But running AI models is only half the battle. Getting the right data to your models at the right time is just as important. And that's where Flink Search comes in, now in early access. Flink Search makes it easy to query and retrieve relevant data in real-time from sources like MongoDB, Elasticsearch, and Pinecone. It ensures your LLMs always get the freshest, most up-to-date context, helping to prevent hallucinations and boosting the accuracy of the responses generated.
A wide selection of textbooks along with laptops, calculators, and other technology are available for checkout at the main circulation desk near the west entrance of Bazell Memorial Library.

--

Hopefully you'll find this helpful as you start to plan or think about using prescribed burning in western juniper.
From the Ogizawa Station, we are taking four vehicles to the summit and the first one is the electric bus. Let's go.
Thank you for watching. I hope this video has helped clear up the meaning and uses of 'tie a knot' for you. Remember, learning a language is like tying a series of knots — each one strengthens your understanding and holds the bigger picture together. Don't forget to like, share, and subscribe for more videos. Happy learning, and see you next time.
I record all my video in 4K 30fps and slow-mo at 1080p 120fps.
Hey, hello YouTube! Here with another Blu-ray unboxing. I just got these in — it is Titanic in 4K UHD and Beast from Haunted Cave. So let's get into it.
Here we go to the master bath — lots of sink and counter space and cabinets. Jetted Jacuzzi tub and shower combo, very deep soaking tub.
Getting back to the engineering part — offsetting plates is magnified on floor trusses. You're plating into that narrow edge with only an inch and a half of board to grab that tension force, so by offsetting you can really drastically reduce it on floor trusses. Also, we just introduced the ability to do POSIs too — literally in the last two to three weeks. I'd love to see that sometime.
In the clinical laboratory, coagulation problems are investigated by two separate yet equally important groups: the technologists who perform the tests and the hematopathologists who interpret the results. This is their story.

...

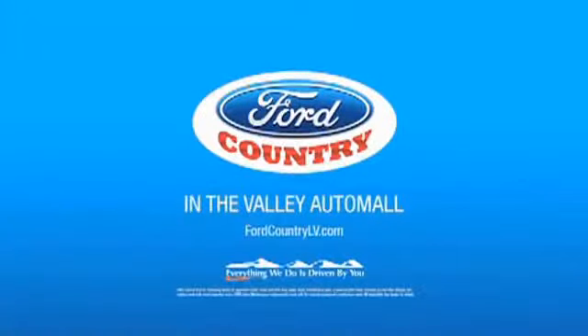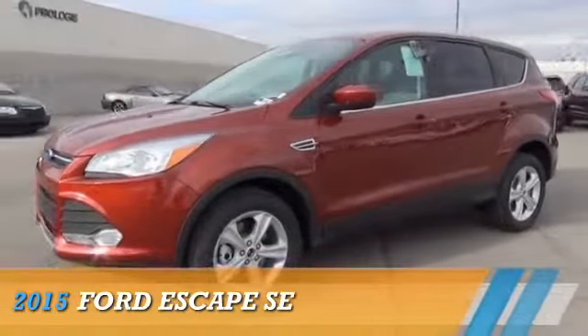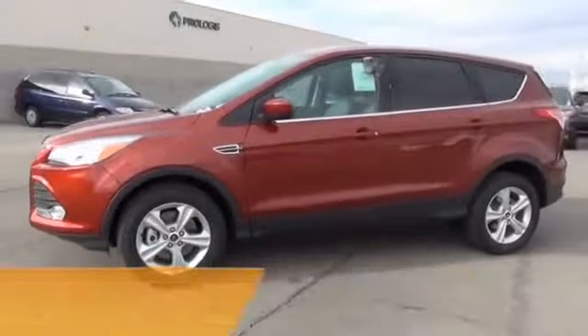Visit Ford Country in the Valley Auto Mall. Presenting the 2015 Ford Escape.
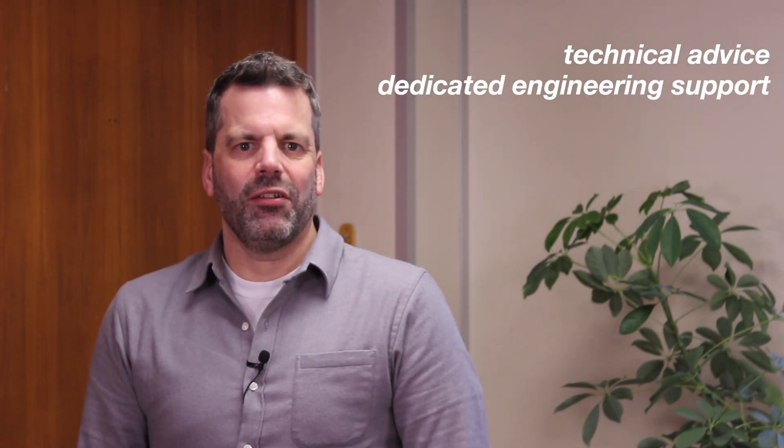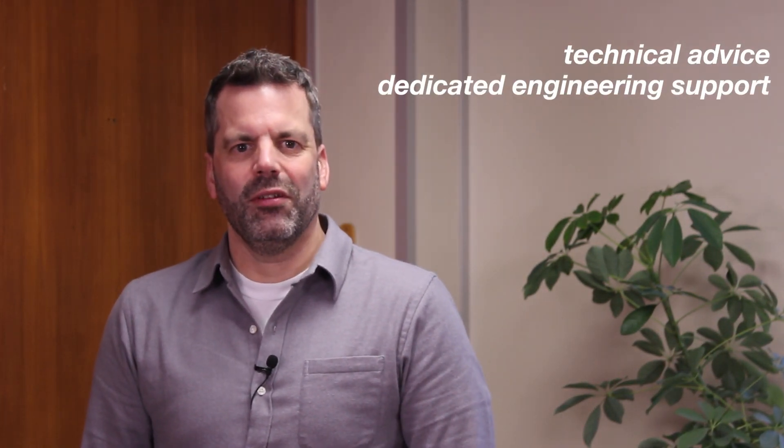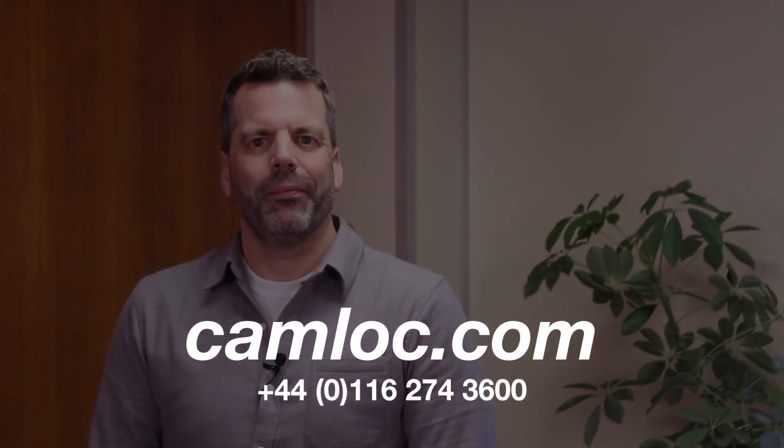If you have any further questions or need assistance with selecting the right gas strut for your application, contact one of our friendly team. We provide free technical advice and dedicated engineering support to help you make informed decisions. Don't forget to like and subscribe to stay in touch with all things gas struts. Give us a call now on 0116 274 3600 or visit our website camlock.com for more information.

- Task requirements: Filter the preceding entries down to the lines with "into".

- Answer below:
Hey, hello YouTube! Here with another Blu-ray unboxing. I just got these in — it is Titanic in 4K UHD and Beast from Haunted Cave. So let's get into it.
Getting back to the engineering part — offsetting plates is magnified on floor trusses. You're plating into that narrow edge with only an inch and a half of board to grab that tension force, so by offsetting you can really drastically reduce it on floor trusses. Also, we just introduced the ability to do POSIs too — literally in the last two to three weeks. I'd love to see that sometime.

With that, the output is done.